____ Data to use

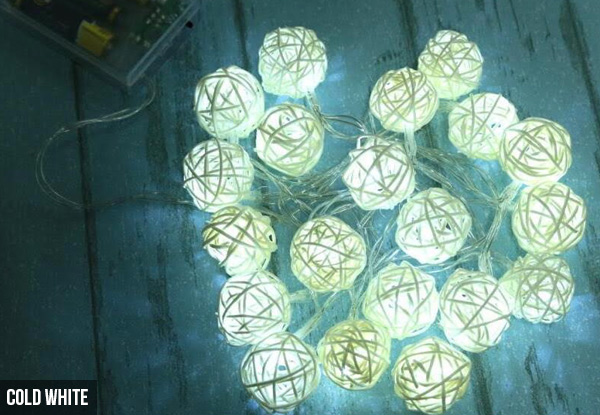 Two Strings of 20 LED Rattan Ball Fairy Lights with Free Delivery - Two Colours Available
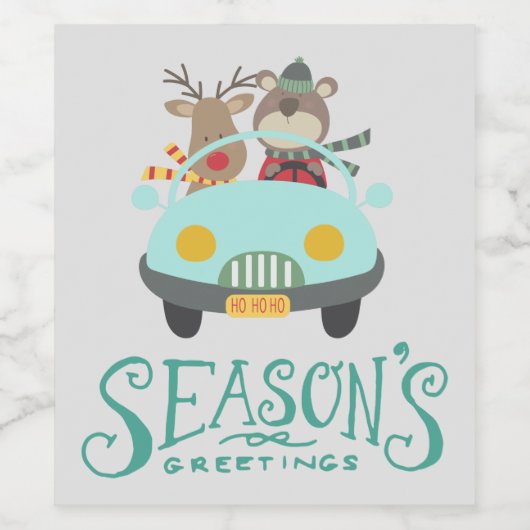 Moderne feestdag voor rendieren en Beren Wijn Etiket (Enkel label)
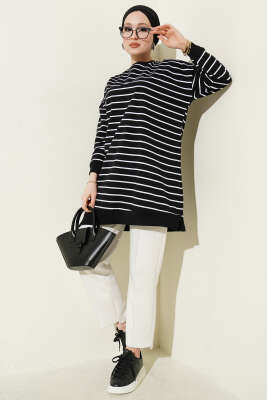 Yatay İnce Çizgili Ribanalı Tunik Siyah - Tunik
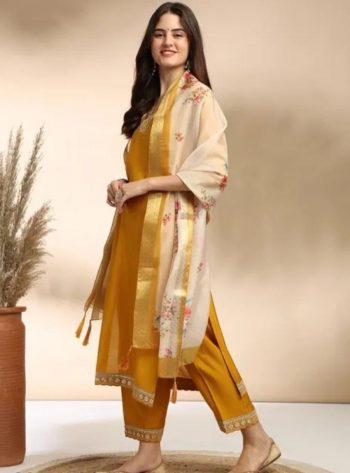 NEW ARRIVAL COTTON SLUB SEQUENCE EMBROIDERY WORK TOP BOTOM WITH DUPATTA YELLOW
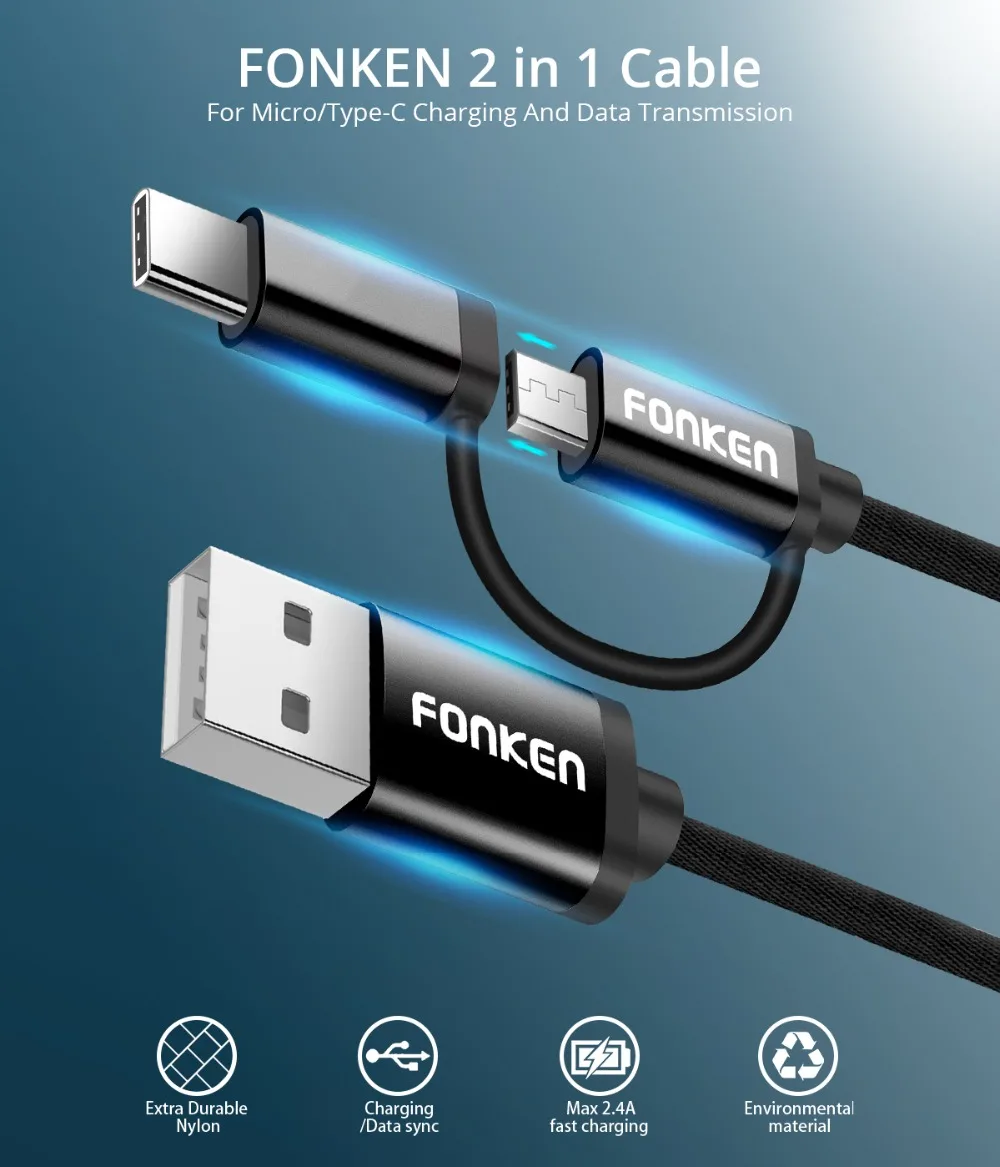 FONKEN 2 в 1 USB кабель Micro usb type C кабель для быстрой зарядки телефона 1 м двойной адаптер Mini USB C зарядка для мобильных телефонов Кабели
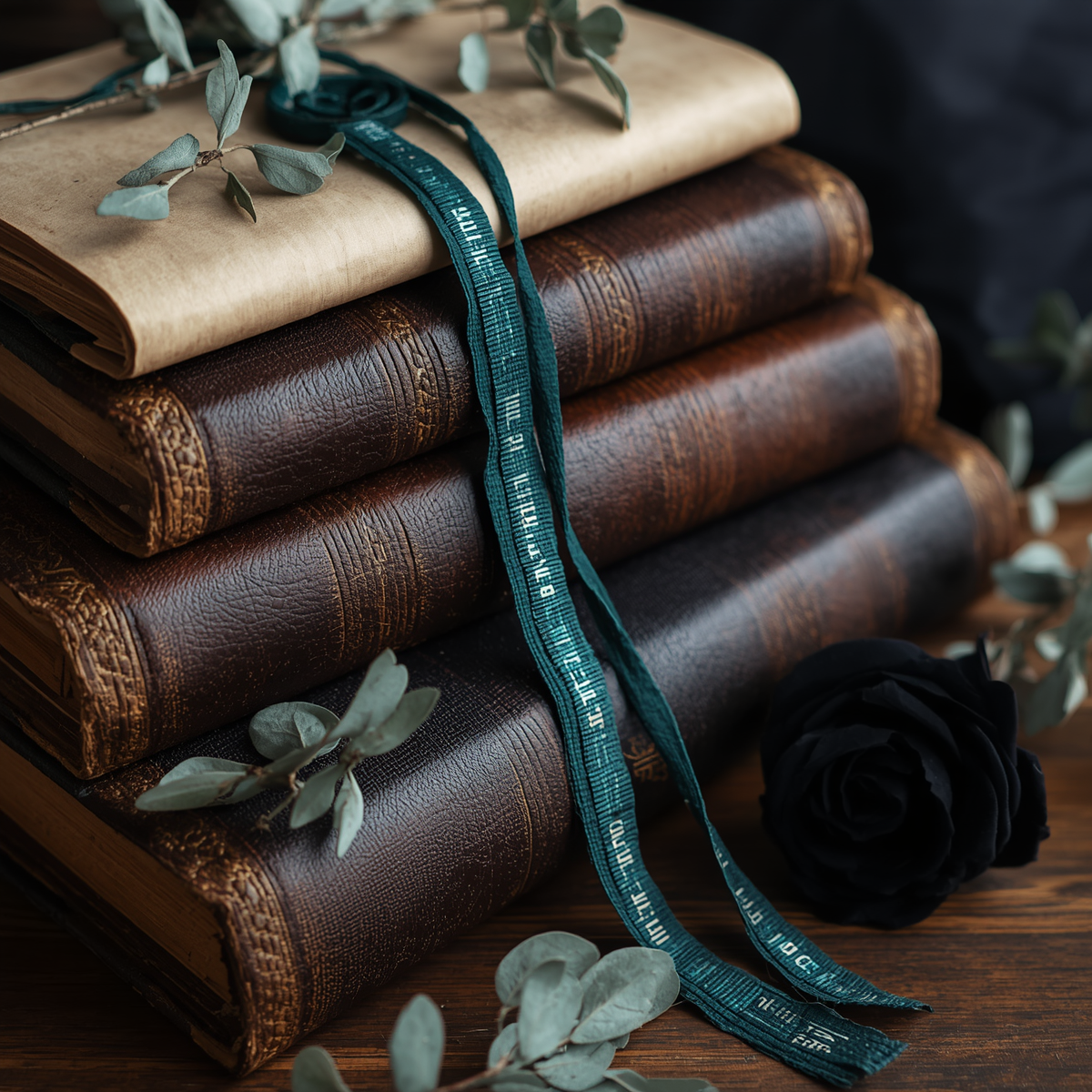A stack of four vintage brown leather books with a teal measuring tape draped over them, surrounded by eucalyptus leaves and a black rose, on a wooden surface.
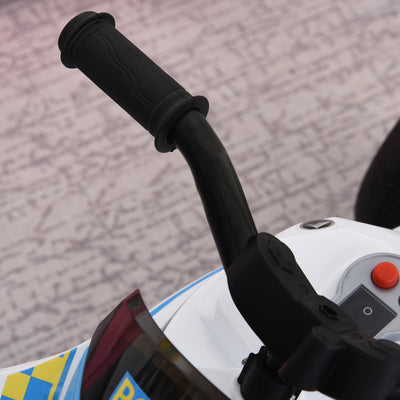 HOMCOM Kids Ride-On Police Bike 3-Wheel Vehicle w/ Music Lights Safe Seat Handlebars Toddler NO POWER Child Learning Fun Development 18-36 Months Blue 
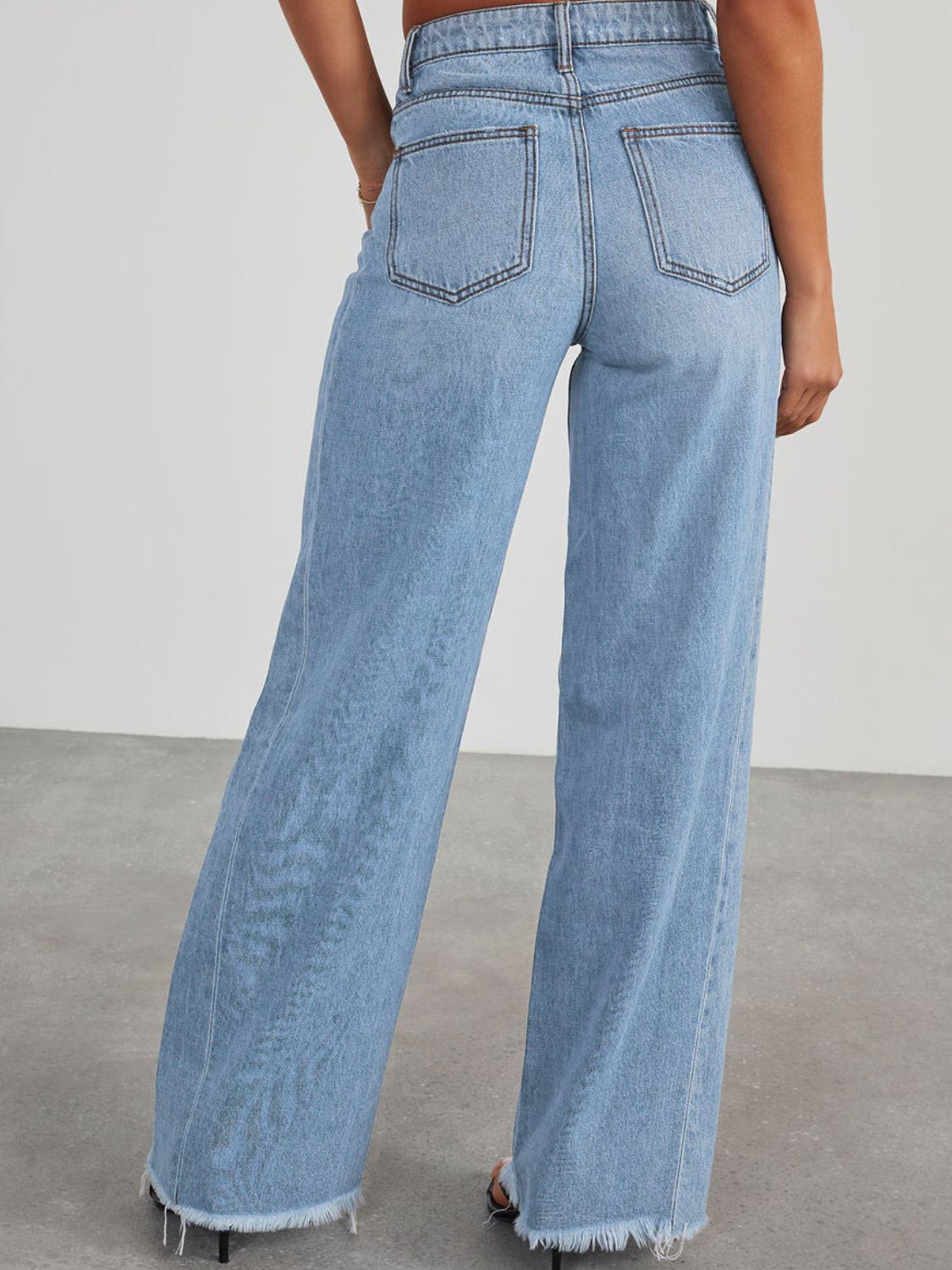 Raw Hem Wide Leg Jeans with Pockets-TOPS / DRESSES-[Adult]-[Female]-2022 Online Blue Zone Planet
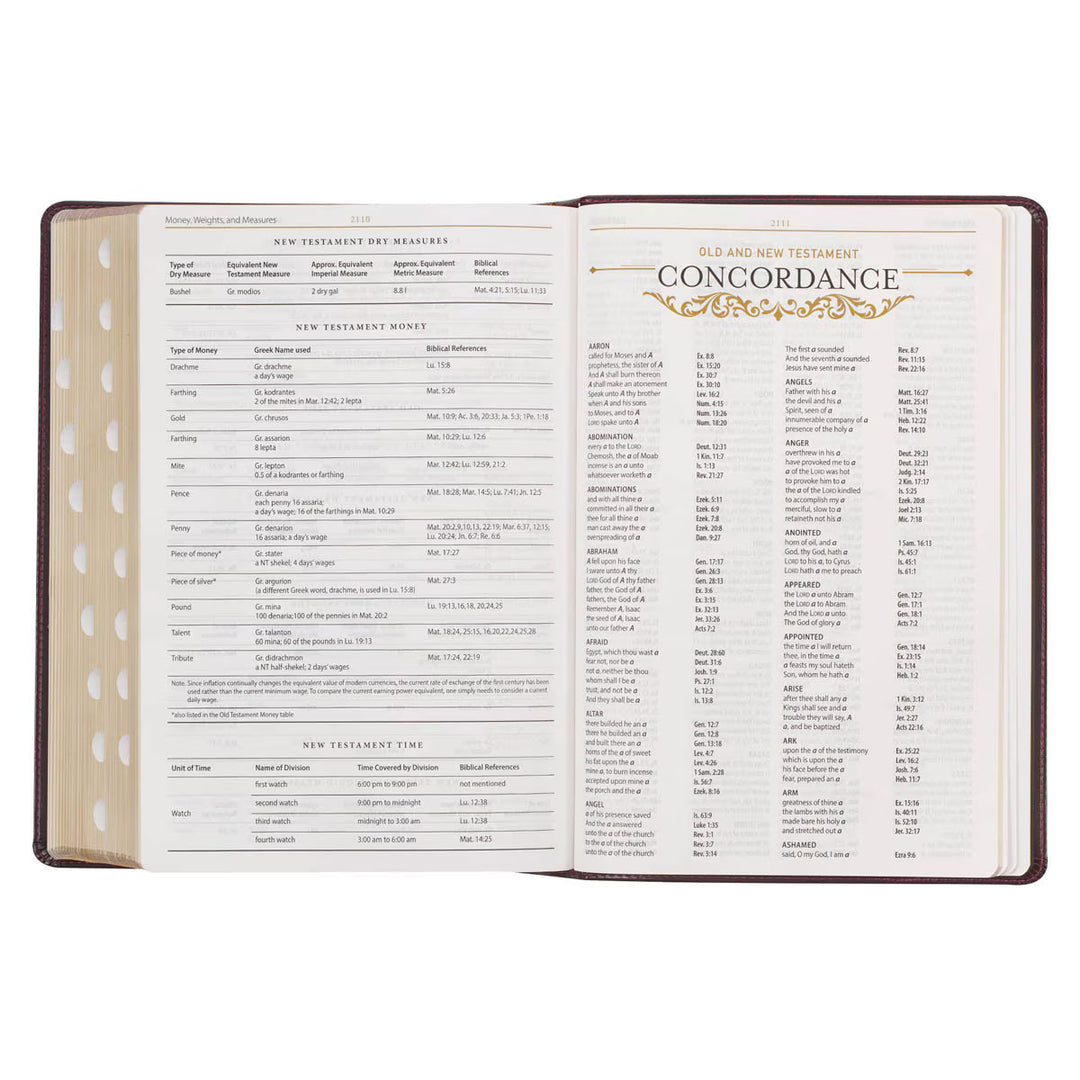 Burgundy and Saddle Tan Faux Leather Large Print King James Version Study Bible with Thumb Index
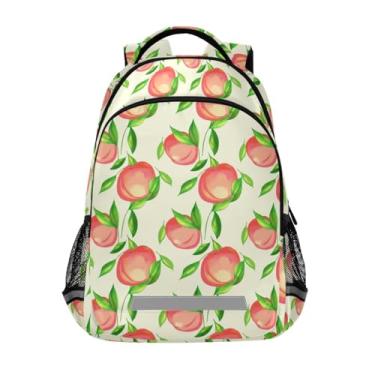 Imagem de ODAWA Cute Peaches Beige Kids Backpack for Students 6-12, Lightweight Laptop Bookbag with Reflective Strips and Chest Strap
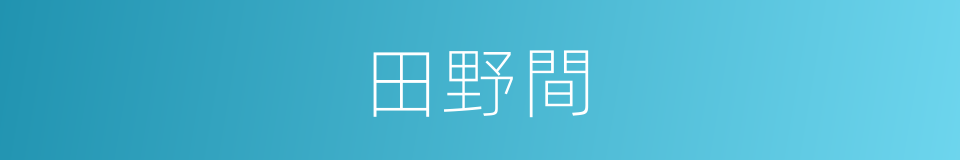 田野間的同義詞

________

Problem: Hand back exactly the lines from the one with "Burgundy and Saddle" through the last line of the data above, both ends included, with every picture left out.

Answer to this problem:
 Burgundy and Saddle Tan Faux Leather Large Print King James Version Study Bible with Thumb Index
 Imagem de ODAWA Cute Peaches Beige Kids Backpack for Students 6-12, Lightweight Laptop Bookbag with Reflective Strips and Chest Strap
 田野間的同義詞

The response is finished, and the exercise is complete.